В конце минувшего столетия было в Петербурге вовсе не тайное, а дружеское и несколько разгульное общество, под именем Галера. Между прочим были в нем два Пушкина: Алексей Михайлович и Василий Львович — и Хитров, в свое время ловкий и счастливый волокита. Сей последний был что-то вроде Дон-Джовани. Любовные похождения были в то время в чести и придавали человеку известность и некоторый блеск. Нравы регентства были не чужды нам, и знаменитый по этой части Ришелье мог бы найти в России совместников себе, а может быть, у кого-нибудь и поучиться. Рассказывали Про Хитрова, что он на разные проделки в этом роде был не очень совестлив. Не удастся ему, например, достигнуть где-нибудь цели в своих любовных поисках, он вымещал неудачу, высылая карету свою, которая часть ночи стоит неподалеку от жительства непокорившейся красавицы. Иные подмечали это, выводили из того заключения свои, а с него было довольно. Впрочем, он был умен, блистателен и любезен; товарищи и молодежь очень любили его. Он был образован и в своем роде литературен. Алексей Пушкин рассказывал, что однажды на военной сходке заметил он книжку в гусарской сумке его: это были элегии Парни, только что изданные в Париже. Хитров бросился к Пушкину и говорит ему: «Ради Бога молчи и не губи меня! Товарищи в полку любят меня потому, что считают меня служакой и гулякой и чуть ли не безграмотным. Как скоро проведают они, что занимаюсь чтением французских книг, я — человек пропадший и мне в полку житья не будет». Хитров был очень любим великим князем Константином Павловичем, который умел ценить ум и светскую любезность. Пользовался он и благоволением императора Александра. Умер он в царствование его, кажется во Флоренции, посланником при тосканском дворе. Был он женат на дочери князя Кутузова-Смоленского, вдове графа Тизенгаузена, незабвенной в петербургских преданиях Елизавете Михайловне.

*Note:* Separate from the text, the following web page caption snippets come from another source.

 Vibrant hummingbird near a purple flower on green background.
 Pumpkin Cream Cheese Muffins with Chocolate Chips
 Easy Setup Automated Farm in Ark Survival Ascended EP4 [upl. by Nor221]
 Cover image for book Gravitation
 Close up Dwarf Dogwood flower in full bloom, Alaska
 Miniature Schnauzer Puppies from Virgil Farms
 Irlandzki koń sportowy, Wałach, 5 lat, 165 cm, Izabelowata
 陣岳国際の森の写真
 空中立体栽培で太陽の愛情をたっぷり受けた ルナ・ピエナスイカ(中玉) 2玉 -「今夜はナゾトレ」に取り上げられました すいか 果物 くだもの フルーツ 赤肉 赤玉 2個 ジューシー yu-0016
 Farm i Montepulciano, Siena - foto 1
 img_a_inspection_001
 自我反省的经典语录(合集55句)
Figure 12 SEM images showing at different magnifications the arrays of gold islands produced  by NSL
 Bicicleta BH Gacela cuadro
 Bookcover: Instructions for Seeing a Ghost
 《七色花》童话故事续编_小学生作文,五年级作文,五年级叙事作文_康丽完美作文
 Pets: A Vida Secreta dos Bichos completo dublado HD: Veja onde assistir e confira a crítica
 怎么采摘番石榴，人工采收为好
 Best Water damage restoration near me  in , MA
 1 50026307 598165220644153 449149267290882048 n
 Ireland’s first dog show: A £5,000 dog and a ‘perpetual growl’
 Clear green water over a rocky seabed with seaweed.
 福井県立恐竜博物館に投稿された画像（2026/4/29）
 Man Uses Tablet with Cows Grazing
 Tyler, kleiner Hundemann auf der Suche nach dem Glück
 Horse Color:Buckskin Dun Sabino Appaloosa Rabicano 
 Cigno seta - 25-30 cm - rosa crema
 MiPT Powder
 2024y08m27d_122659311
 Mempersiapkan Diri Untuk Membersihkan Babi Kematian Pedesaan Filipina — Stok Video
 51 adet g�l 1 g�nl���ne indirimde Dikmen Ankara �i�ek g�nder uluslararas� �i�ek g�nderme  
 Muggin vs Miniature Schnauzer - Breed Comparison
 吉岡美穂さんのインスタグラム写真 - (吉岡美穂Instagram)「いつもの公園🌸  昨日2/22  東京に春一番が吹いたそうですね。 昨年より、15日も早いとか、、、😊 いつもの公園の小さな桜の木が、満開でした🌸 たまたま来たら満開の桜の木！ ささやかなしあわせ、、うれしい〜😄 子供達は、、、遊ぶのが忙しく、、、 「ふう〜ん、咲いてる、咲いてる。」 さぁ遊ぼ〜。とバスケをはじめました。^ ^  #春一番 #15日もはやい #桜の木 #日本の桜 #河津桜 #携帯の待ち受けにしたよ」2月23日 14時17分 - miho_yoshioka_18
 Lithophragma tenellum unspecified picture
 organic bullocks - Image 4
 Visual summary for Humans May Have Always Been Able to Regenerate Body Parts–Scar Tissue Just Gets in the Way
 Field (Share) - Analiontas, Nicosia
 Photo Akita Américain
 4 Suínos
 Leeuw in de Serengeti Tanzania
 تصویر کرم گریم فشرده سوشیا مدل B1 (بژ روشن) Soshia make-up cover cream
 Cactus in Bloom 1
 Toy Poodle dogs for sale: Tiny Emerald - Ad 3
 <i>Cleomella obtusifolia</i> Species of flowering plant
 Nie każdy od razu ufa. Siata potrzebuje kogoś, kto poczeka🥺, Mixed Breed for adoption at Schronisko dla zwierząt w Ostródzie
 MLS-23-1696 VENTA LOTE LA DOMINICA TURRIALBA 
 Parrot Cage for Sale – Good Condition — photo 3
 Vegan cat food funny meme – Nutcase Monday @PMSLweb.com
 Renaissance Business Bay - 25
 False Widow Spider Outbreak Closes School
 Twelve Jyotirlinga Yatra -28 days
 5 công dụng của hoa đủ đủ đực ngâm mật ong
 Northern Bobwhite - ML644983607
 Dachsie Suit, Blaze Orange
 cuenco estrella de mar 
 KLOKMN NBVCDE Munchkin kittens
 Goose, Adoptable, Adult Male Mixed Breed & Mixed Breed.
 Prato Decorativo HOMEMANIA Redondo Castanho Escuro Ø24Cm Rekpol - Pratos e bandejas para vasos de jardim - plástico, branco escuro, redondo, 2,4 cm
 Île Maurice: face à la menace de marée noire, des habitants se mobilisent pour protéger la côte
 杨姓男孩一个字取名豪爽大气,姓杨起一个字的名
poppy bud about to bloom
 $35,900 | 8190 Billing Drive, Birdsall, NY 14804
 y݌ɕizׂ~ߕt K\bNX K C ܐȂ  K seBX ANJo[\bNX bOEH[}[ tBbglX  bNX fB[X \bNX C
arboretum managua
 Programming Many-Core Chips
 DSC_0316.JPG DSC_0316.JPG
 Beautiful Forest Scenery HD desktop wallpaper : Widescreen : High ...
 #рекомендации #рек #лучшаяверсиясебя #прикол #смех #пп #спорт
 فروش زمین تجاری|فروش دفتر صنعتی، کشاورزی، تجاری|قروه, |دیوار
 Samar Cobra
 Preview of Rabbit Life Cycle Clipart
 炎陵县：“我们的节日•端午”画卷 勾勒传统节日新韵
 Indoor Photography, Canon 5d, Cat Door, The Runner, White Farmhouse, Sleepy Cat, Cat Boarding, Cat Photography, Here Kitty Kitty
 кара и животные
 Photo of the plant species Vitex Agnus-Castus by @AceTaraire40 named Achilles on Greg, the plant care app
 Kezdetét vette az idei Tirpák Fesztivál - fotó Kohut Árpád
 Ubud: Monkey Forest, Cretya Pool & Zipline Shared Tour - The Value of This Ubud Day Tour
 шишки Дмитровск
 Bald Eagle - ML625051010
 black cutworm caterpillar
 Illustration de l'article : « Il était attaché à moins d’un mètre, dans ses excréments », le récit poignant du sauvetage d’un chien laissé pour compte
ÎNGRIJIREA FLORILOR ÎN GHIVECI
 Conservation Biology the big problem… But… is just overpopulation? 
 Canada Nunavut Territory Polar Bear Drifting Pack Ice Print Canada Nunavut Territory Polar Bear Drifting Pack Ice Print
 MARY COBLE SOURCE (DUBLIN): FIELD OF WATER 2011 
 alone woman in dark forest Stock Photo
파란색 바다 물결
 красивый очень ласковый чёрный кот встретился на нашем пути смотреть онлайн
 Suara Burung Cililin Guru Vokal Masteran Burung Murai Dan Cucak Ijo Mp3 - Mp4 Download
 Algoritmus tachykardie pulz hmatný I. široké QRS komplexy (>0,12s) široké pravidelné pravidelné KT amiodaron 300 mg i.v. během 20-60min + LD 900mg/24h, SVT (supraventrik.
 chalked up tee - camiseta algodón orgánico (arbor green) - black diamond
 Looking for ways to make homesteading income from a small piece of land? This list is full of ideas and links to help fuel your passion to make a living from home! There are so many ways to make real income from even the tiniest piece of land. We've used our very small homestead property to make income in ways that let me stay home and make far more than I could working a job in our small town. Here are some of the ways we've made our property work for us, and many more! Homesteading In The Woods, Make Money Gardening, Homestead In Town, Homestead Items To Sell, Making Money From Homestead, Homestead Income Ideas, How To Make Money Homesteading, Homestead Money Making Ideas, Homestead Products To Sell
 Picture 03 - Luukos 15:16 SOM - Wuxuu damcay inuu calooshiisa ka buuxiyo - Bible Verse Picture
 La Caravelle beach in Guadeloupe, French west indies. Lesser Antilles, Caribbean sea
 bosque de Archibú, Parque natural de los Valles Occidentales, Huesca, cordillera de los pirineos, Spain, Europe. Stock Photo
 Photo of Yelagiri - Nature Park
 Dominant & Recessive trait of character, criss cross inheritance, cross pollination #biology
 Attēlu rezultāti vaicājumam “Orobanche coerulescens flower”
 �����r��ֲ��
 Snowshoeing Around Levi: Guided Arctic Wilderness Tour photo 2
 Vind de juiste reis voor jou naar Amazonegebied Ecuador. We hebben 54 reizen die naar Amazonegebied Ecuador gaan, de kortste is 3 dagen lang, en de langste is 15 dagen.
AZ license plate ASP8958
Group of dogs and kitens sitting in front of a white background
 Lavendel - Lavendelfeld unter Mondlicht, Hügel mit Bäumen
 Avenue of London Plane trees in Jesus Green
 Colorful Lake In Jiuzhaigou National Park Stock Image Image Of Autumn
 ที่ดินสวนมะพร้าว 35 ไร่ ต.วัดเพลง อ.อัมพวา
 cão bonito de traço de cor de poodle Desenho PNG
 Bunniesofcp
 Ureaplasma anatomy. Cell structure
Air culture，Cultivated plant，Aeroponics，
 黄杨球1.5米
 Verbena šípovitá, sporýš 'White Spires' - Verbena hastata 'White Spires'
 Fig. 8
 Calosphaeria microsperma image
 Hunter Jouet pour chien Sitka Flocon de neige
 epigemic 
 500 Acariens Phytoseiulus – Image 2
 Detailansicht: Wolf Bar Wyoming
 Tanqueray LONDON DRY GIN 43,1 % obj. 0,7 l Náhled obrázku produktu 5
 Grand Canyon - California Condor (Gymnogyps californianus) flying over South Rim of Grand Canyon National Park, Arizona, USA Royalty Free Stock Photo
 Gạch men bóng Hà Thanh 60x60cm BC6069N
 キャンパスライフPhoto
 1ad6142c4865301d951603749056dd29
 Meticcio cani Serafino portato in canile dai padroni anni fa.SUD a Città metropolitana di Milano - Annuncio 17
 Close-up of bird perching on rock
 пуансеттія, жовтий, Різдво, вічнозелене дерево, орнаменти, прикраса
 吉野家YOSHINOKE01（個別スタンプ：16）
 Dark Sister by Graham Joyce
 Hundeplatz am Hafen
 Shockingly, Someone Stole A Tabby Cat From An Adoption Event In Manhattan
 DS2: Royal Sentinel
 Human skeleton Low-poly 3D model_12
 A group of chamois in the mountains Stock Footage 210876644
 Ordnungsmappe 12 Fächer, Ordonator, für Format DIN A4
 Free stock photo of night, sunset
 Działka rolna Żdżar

Вот еще любезная личность, которую миновать не может сочувственное воспоминание. В летописях петербургского общежитья имя ее осталось так же назаменимо, как было оно привлекательно в течение многих лет. Утра ее (впрочем, продолжавшиеся от часу до четырех пополудни) и вечера дочери ее, графини Фикельмонт, неизгладимо врезаны в памяти тех, которые имели счастье в них участвовать. Вся животрепещущая жизнь европейская и русская, политическая, литературная и общественная, имела верные отголоски в этих двух родственных салонах. Не нужно было читать газеты, как у афинян, которые также не нуждались в газетах, а жили, учились, мудрствовали и умственно наслаждались в портиках и на площади. Так и в двух этих салонах можно было запастись сведениями о всех вопросах дня, начиная от политической брошюры и парламентской речи французского или английского оратора и кончая романом или драматическим творением одного из любимцев той литературной эпохи. Было тут обозрение и текущих событий; был и premier Petersbourg с суждениями своими, а иногда и осуждениями, был и легкий фельетон, нравоописательный и живописный. А что всего лучше — эта всемирная изустная разговорная газета издавалась по направлению и под редакцией двух любезных и милых женщин. Подобных издателей не скоро найдешь. А какая была непринужденность, терпимость, вежливая и себя и других уважающая свобода в этих разнообразных и разноречивых разговорах! Даже при выражении спорных мнений не было и слишком кипучих прений: это был мирный обмен мыслей, воззрений, оценок, система: free trade [свободная торговля], приложенная к разговору. Не то что в других обществах, в которых задирчиво и стеснительно господствует запретительная система: прежде чем выпустить свой товар, свою мысль, справляешься с тарифом; везде заставы и таможни.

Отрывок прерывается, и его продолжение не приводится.